Exercise data Block Start
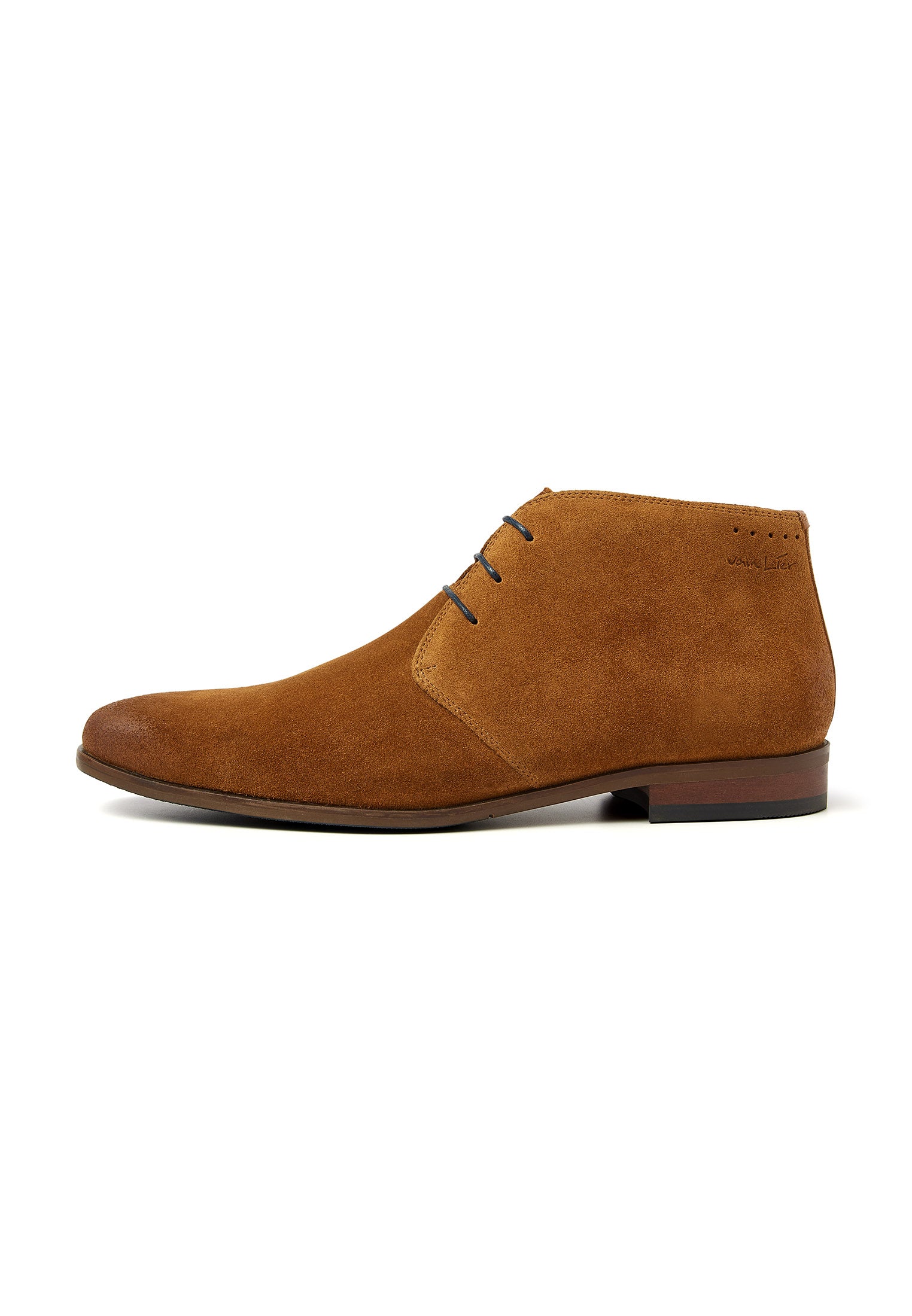 Cognac suede Egeus mid-top lace-up shoe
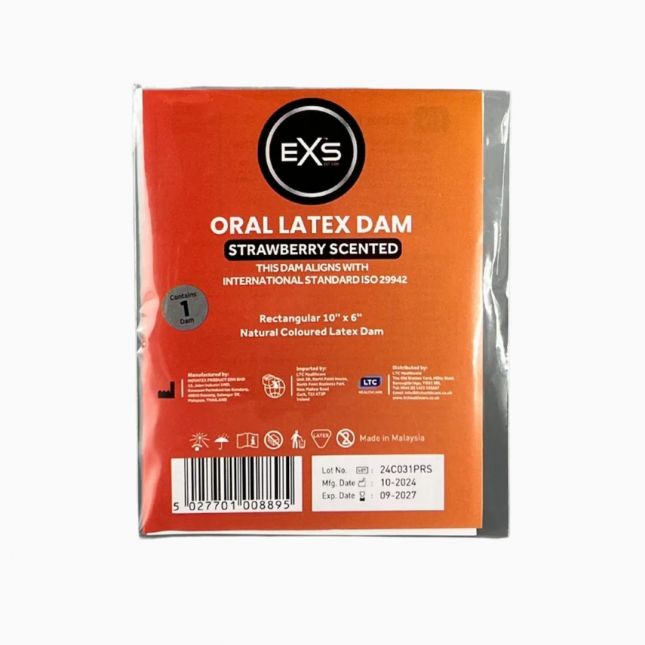 Латексна серветка для орального сексу - EXS Oral Latex Dam Strawberry Scented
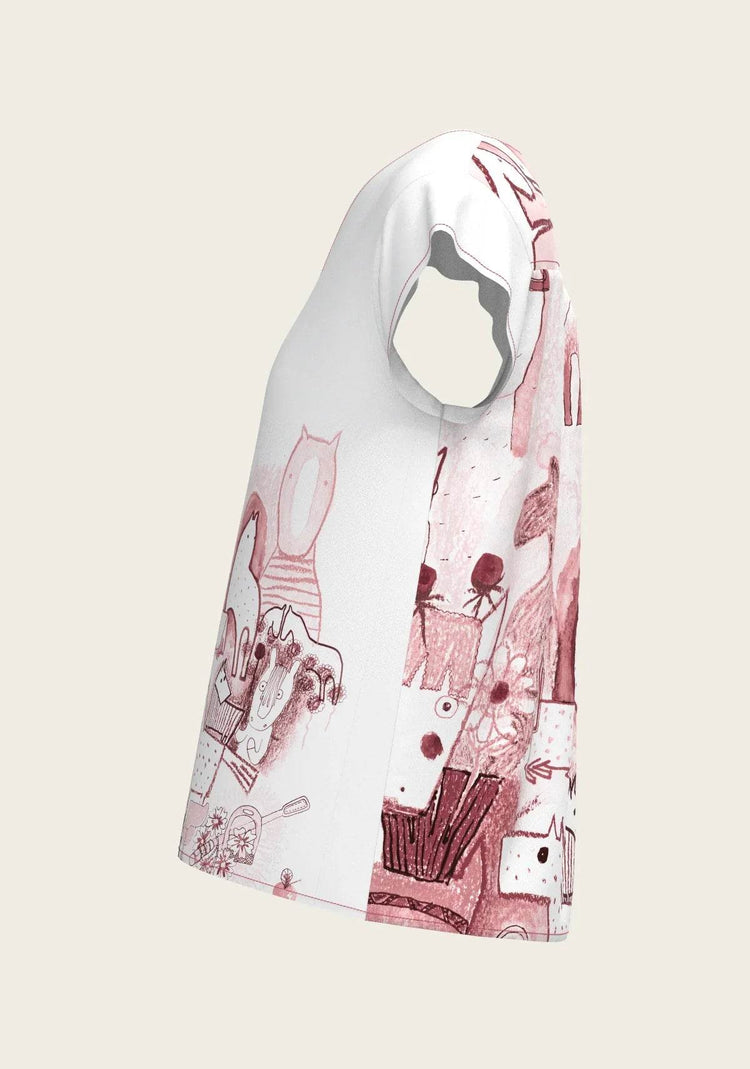 The Horse Fair in Rose Loose Fitting V Neck Shirt ESPOIR RIDER APPAREL by Espoir Equestrian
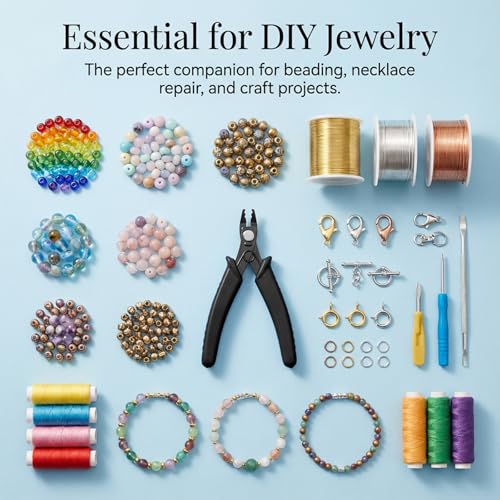 Bead Crimper for Jewelry Making Jewelry Crimper Tool Beading Pliers Tool Jewelrys Pliers With PVC Handle for Beading Earring Necklace Bracelet DIY Jewelrys Making
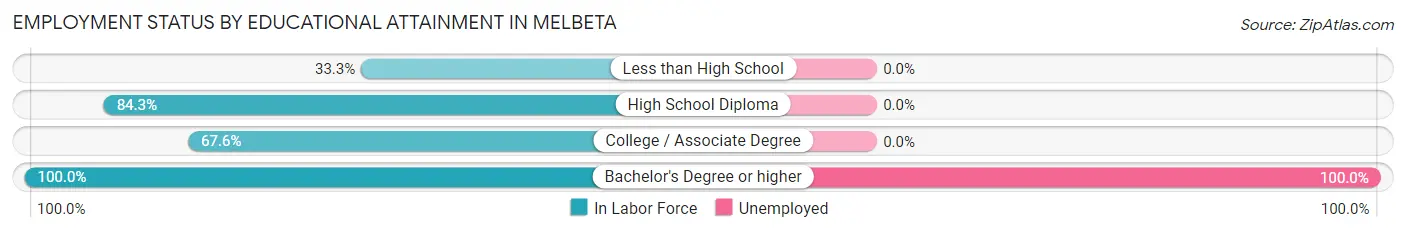 Employment Status by Educational Attainment in Melbeta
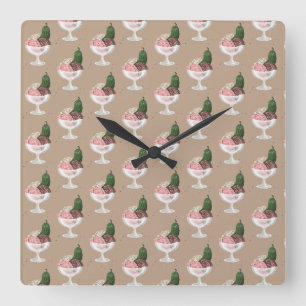 Pickles n Ice Cream Square Wall Clock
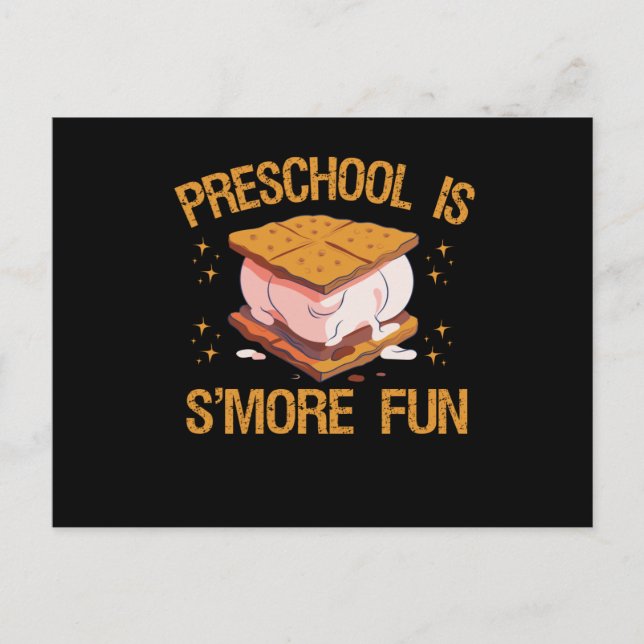 Preschool is S'more Fun Funny Fall Outdoors Gift Postcard (Front)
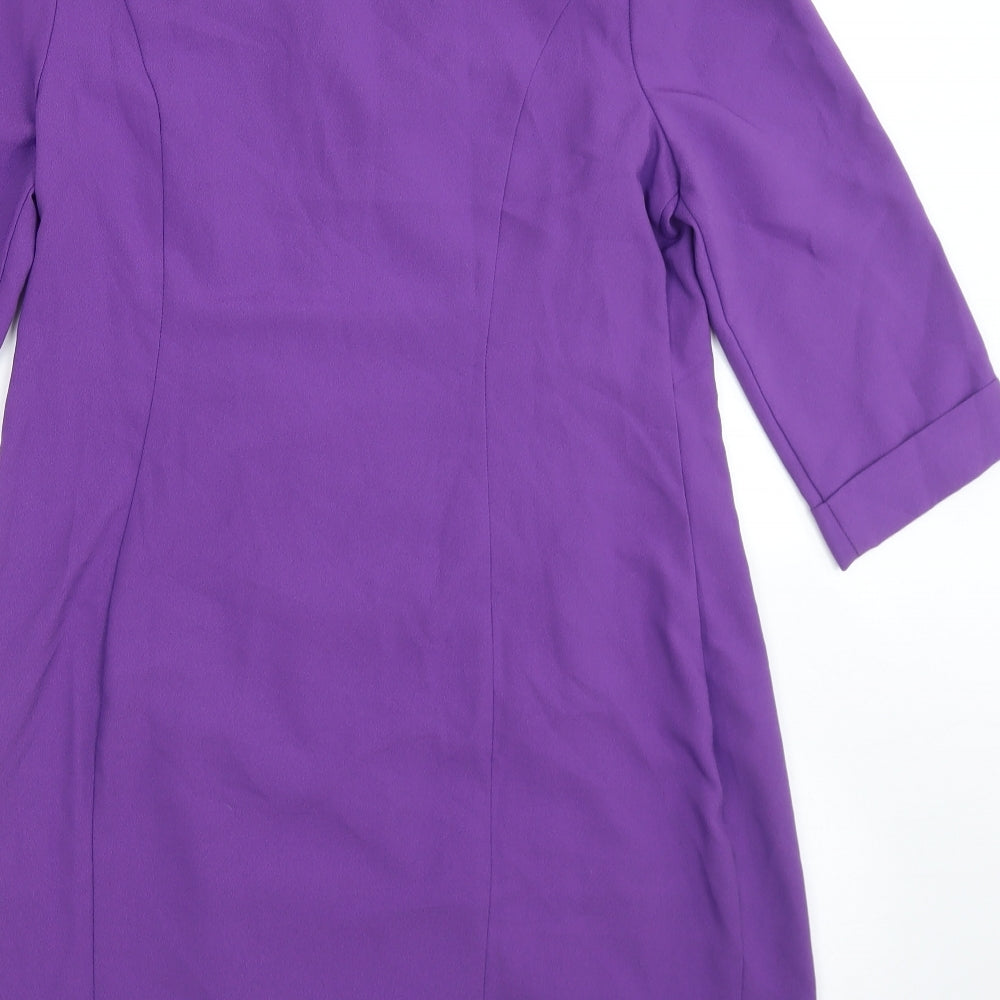 Primark Womens Purple  Polyester Sheath  Size 14  Collared Zip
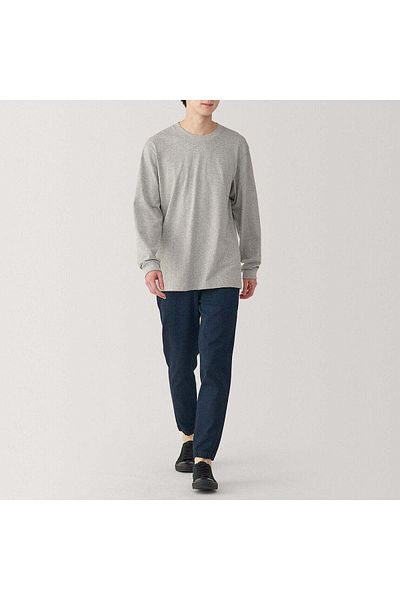 Muji Super Stretch Denim Jogger Pants Dark Navy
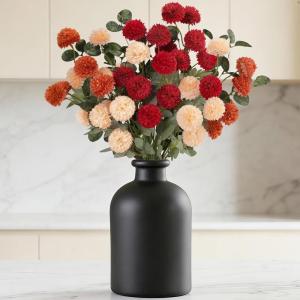 imageLifewit Beige Artificial Flower for Vase 10 Pcs Faux Silk Mums Ball with Long Stems and 2 Pcs Eucalyptus Stems for Home Decor Fake Small Kiku for Floral Arrangement Pom Pom for CenterpiecesMix Orange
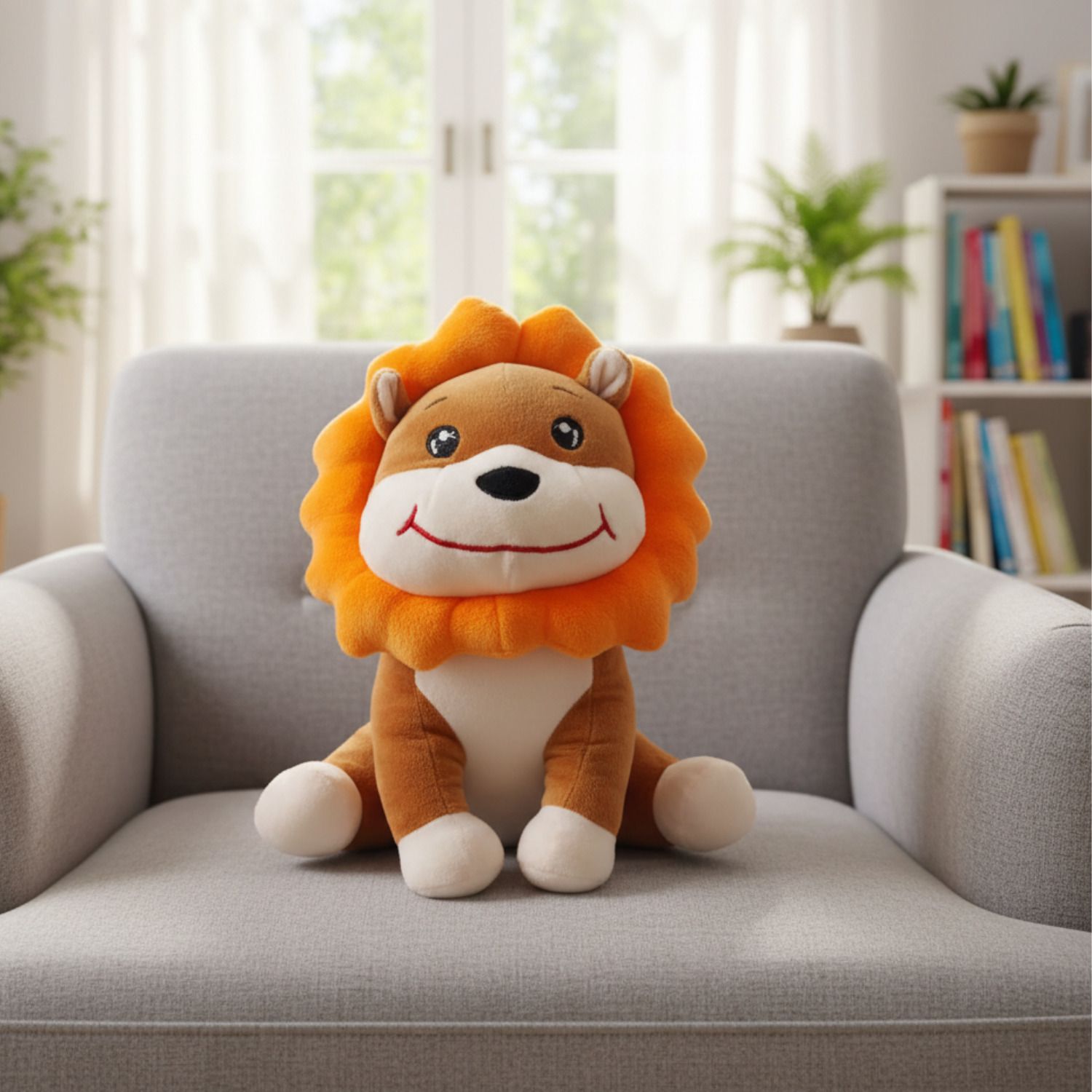 Orange Lion Stuffed Toy - 30 cm-image-6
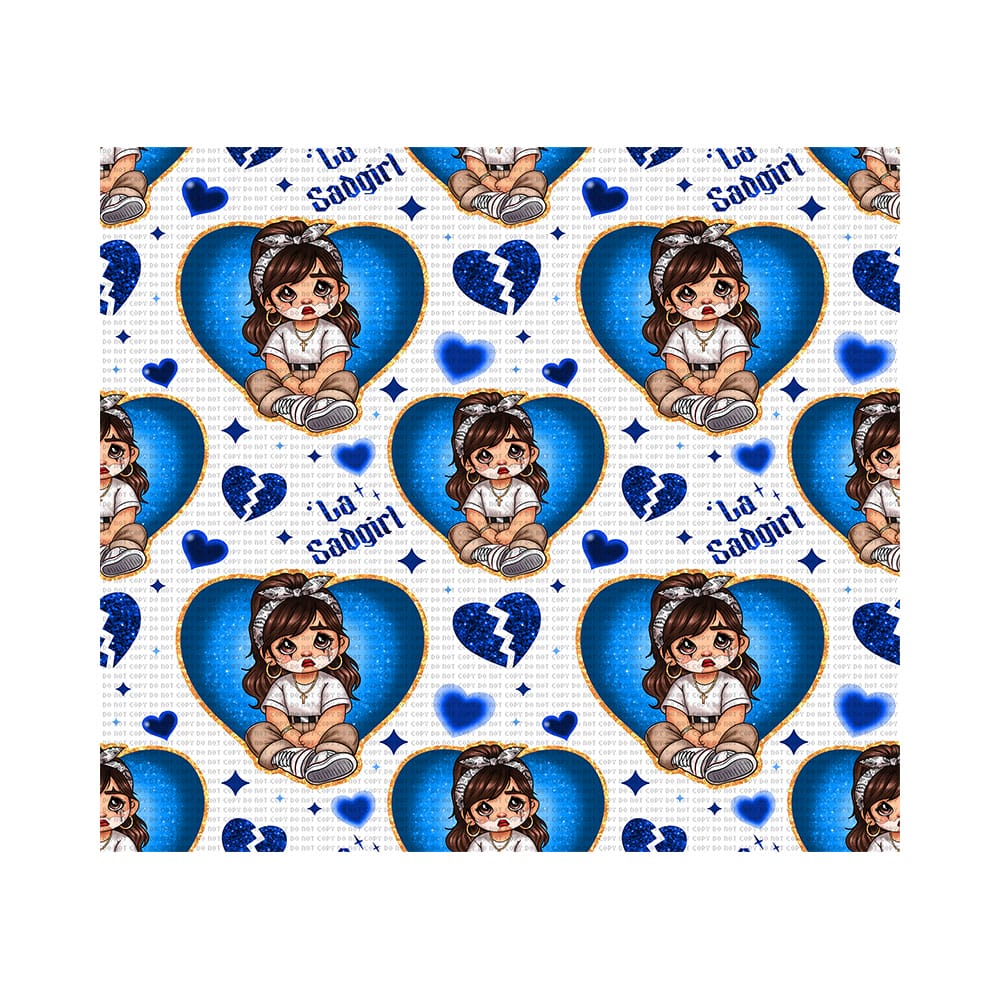 La sad girl seamless blue 02 web PM La Sad Girl blue Tumbler Wrap - Image 1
Exercise data Block End
What this task involves:
Keep the pictures out and write out the records exactly.

Answer to this problem:
 Cognac suede Egeus mid-top lace-up shoe
 Латексна серветка для орального сексу - EXS Oral Latex Dam Strawberry Scented
 The Horse Fair in Rose Loose Fitting V Neck Shirt ESPOIR RIDER APPAREL by Espoir Equestrian
 Bead Crimper for Jewelry Making Jewelry Crimper Tool Beading Pliers Tool Jewelrys Pliers With PVC Handle for Beading Earring Necklace Bracelet DIY Jewelrys Making
 Employment Status by Educational Attainment in Melbeta
 Pickles n Ice Cream Square Wall Clock
 Preschool is S'more Fun Funny Fall Outdoors Gift Postcard (Front)
 Primark Womens Purple  Polyester Sheath  Size 14  Collared Zip
 Muji Super Stretch Denim Jogger Pants Dark Navy
 imageLifewit Beige Artificial Flower for Vase 10 Pcs Faux Silk Mums Ball with Long Stems and 2 Pcs Eucalyptus Stems for Home Decor Fake Small Kiku for Floral Arrangement Pom Pom for CenterpiecesMix Orange
 Orange Lion Stuffed Toy - 30 cm-image-6
 La sad girl seamless blue 02 web PM La Sad Girl blue Tumbler Wrap - Image 1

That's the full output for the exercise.